**Goal of the exercise:**
I need the lines from the one containing "Derby Service shoes(ドレスシューズ・メンズ・ブラック・7h/8h/9h/6h)」の16枚目の写真" through the last line of the entries retyped exactly, with no pictures among them.

(Beginning of Extracted entries)

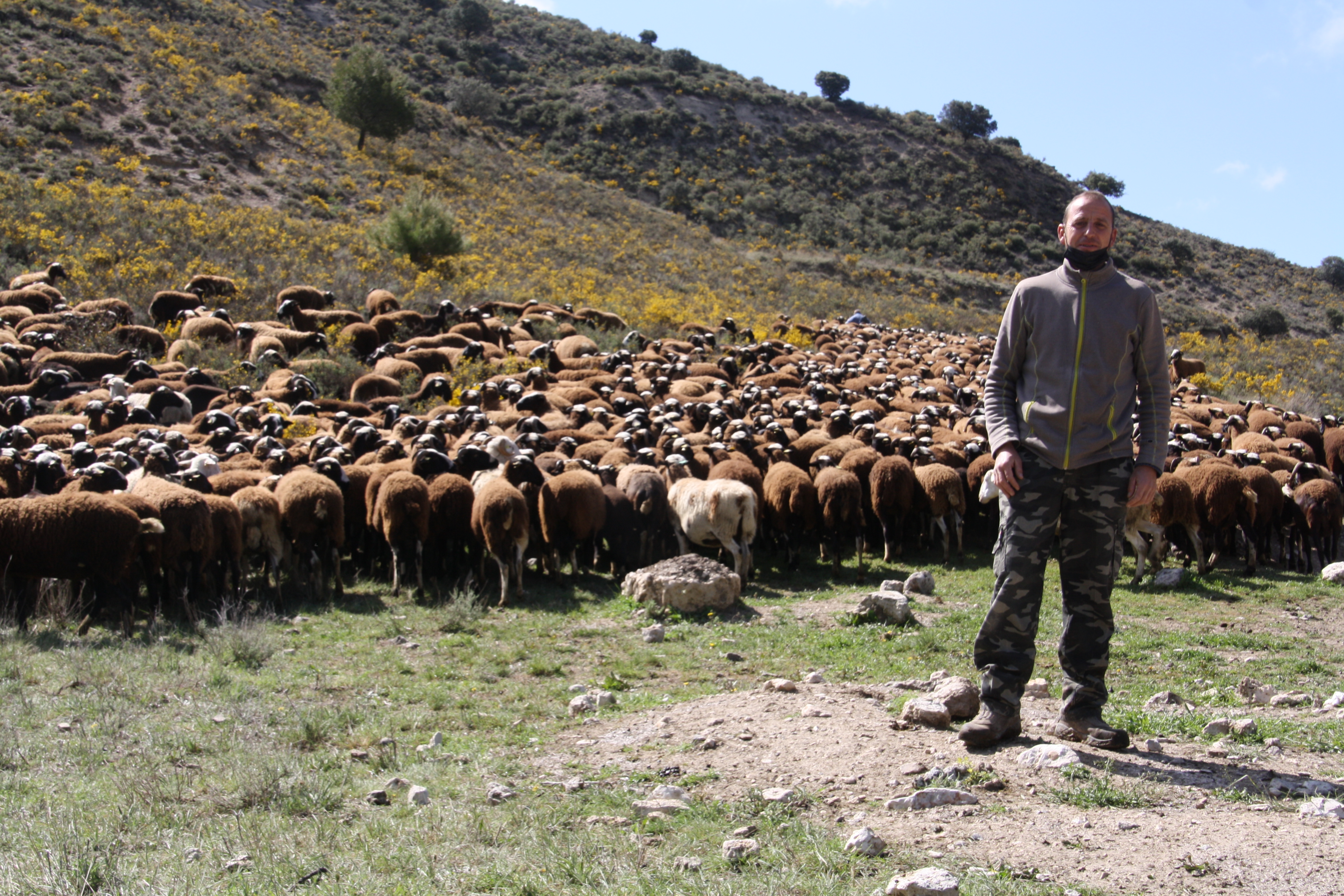 Peiró Ganadera, Premio Biodiversidad 2021 de la Feria Expoforga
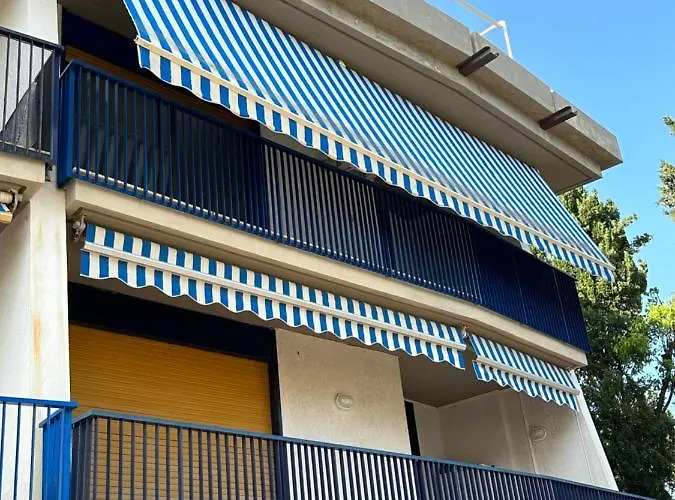 Apartment Roberto House - Taormina Mare Giardini Naxos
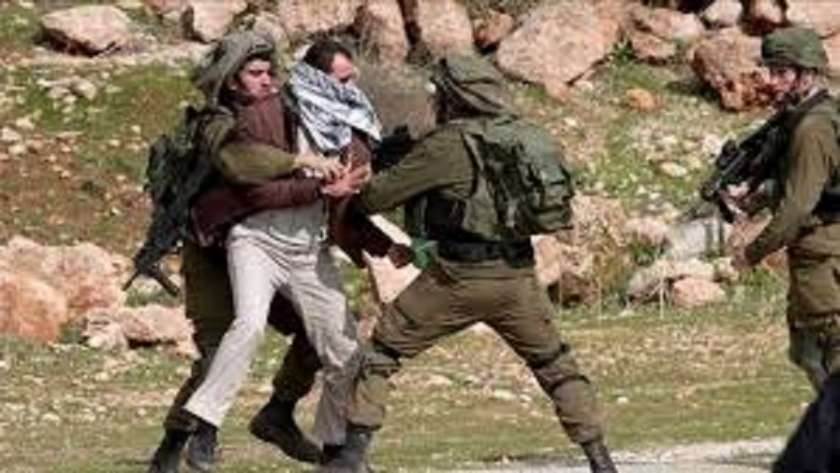 اعتداء قوات الاحتلال على الفلسطينيين- أرشيفية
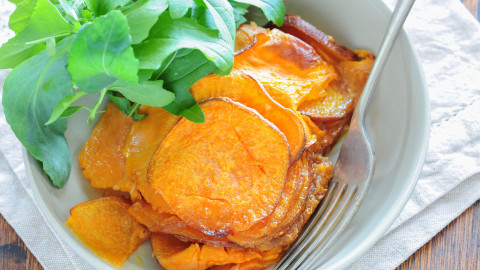 difference between yams and sweet potatoes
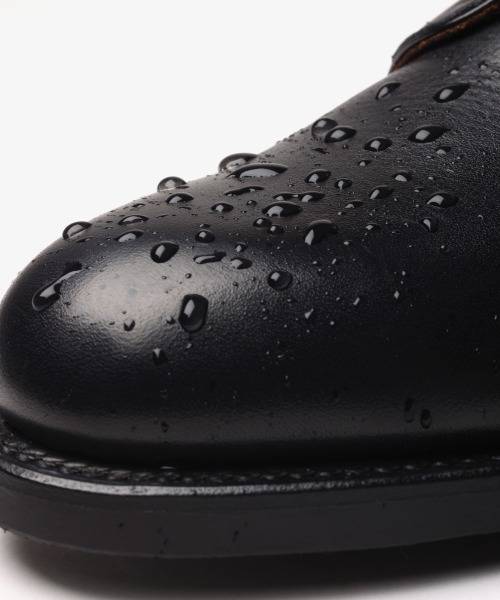 MR.OLIVE(ミスターオリーブ)の「【 ARCHIVETOKYO】" JONES " Type Derby Service shoes(ドレスシューズ・メンズ・ブラック・7h/8h/9h/6h)」の16枚目の写真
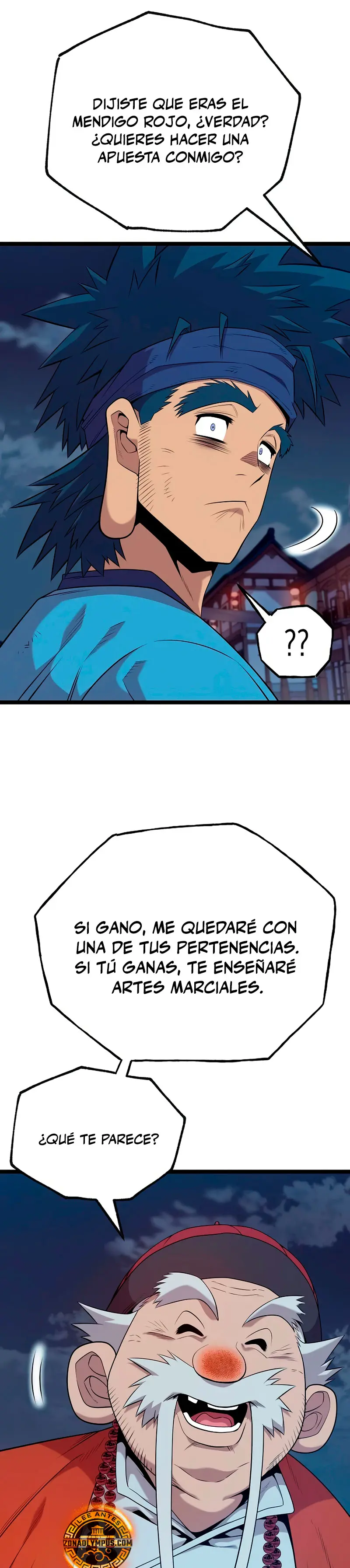 Las crónicas del clan Tang Capítulo 31 - Page 15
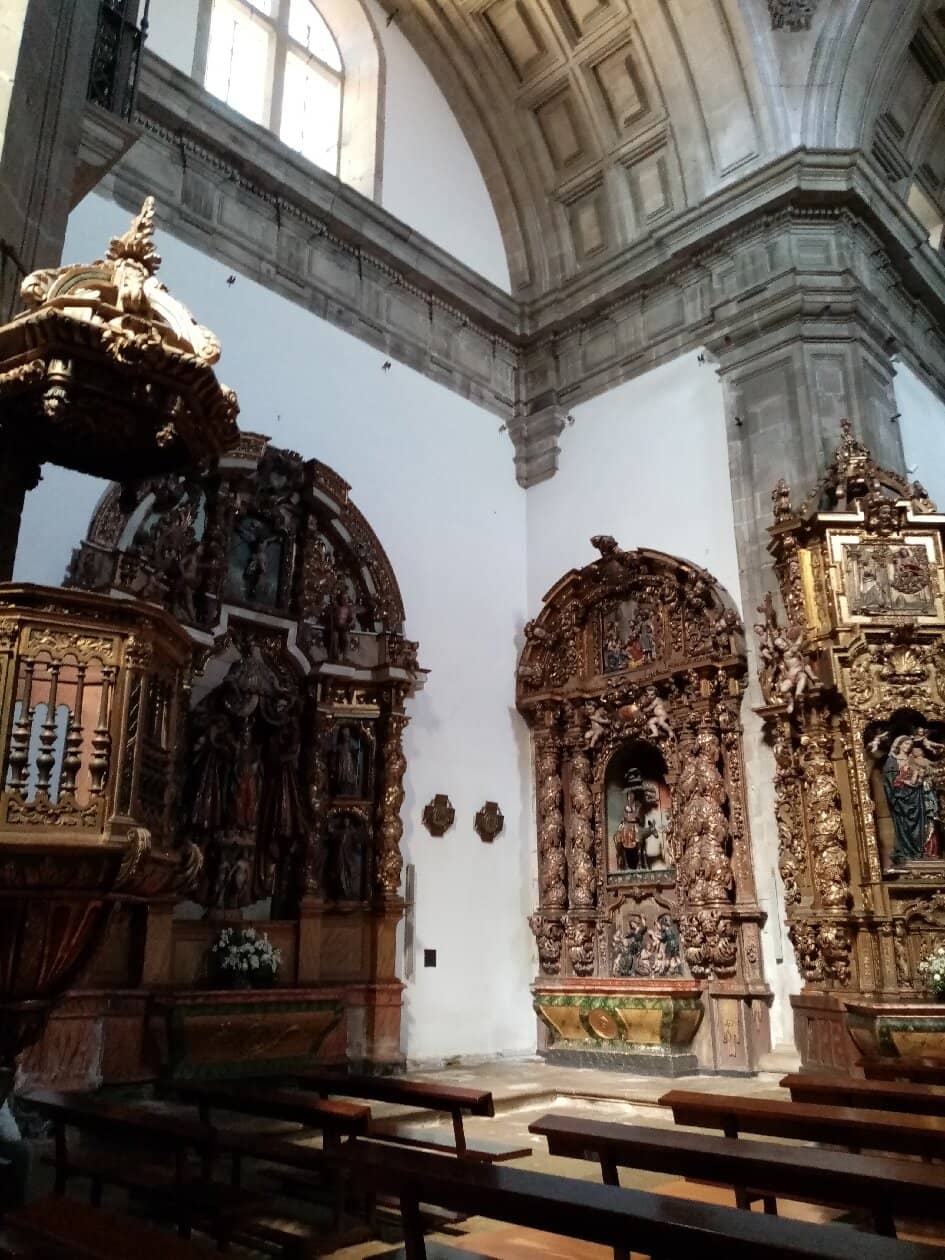 Golden Altar & Baroque Splendor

(End of Extracted entries)

**Answer space:**
 MR.OLIVE(ミスターオリーブ)の「【 ARCHIVETOKYO】" JONES " Type Derby Service shoes(ドレスシューズ・メンズ・ブラック・7h/8h/9h/6h)」の16枚目の写真
 Las crónicas del clan Tang Capítulo 31 - Page 15
 Golden Altar & Baroque Splendor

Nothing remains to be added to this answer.